ACTIVITY:
The entries below hold a line with "Luminaria LED" and a line with "A holiday home". Return those lines and all that lie between them, exactly and only.

MATERIAL FOR THE TASK:
..............................

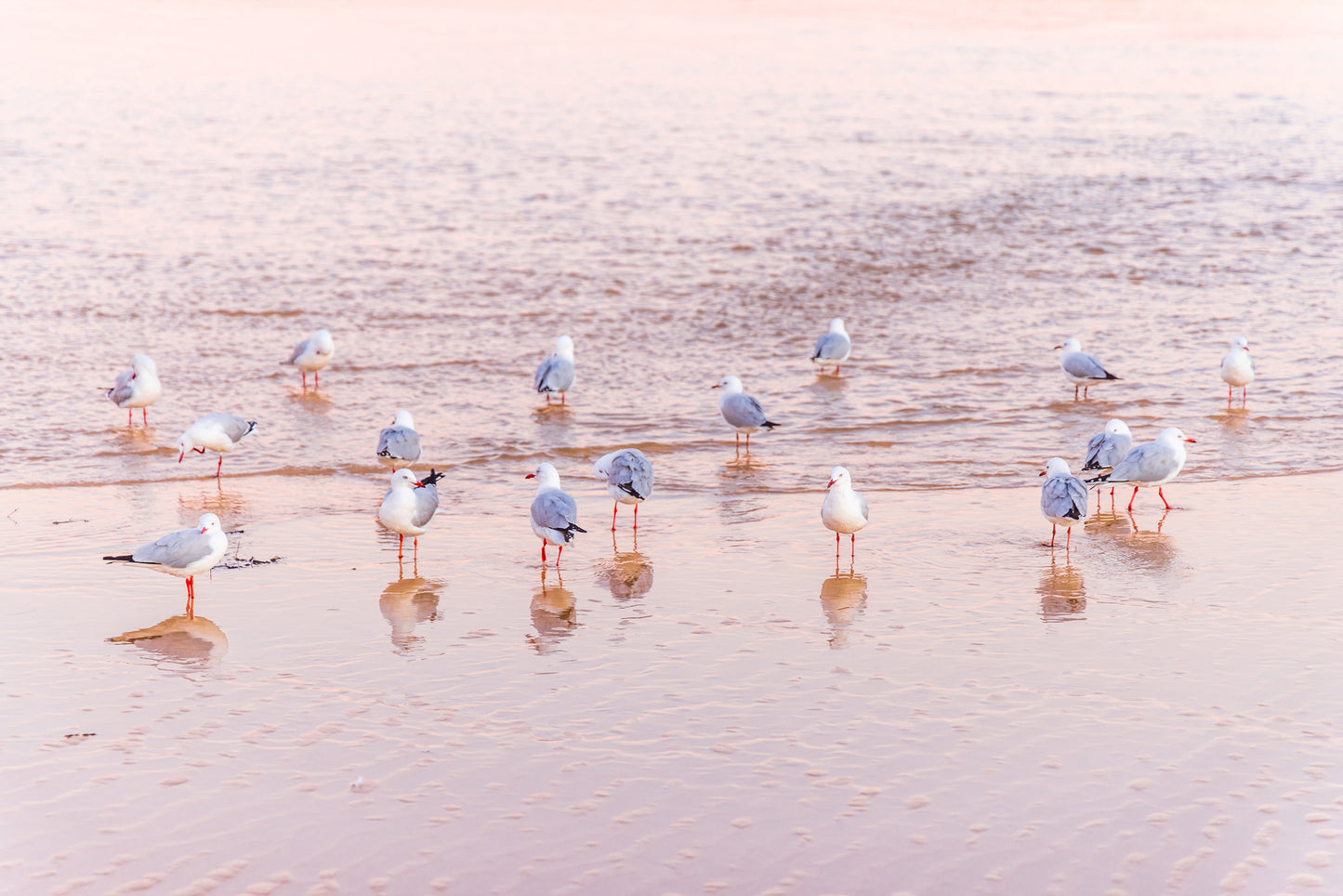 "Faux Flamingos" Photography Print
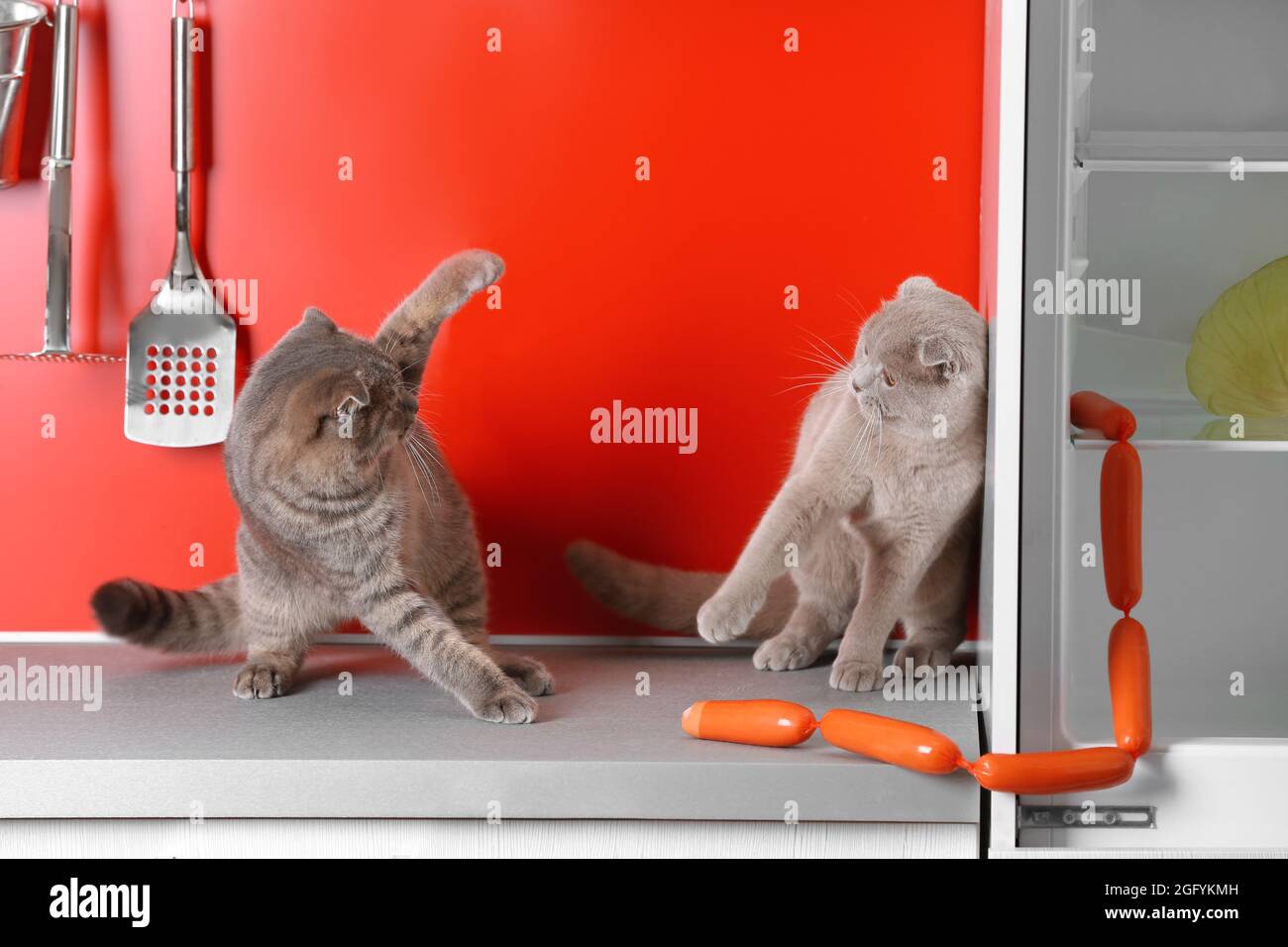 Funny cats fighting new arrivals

..............................

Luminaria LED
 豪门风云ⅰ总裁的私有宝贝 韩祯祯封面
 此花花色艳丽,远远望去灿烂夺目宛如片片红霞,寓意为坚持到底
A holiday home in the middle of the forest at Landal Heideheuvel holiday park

..............................

YOUR SOLUTION:
Luminaria LED
 豪门风云ⅰ总裁的私有宝贝 韩祯祯封面
 此花花色艳丽,远远望去灿烂夺目宛如片片红霞,寓意为坚持到底
A holiday home in the middle of the forest at Landal Heideheuvel holiday park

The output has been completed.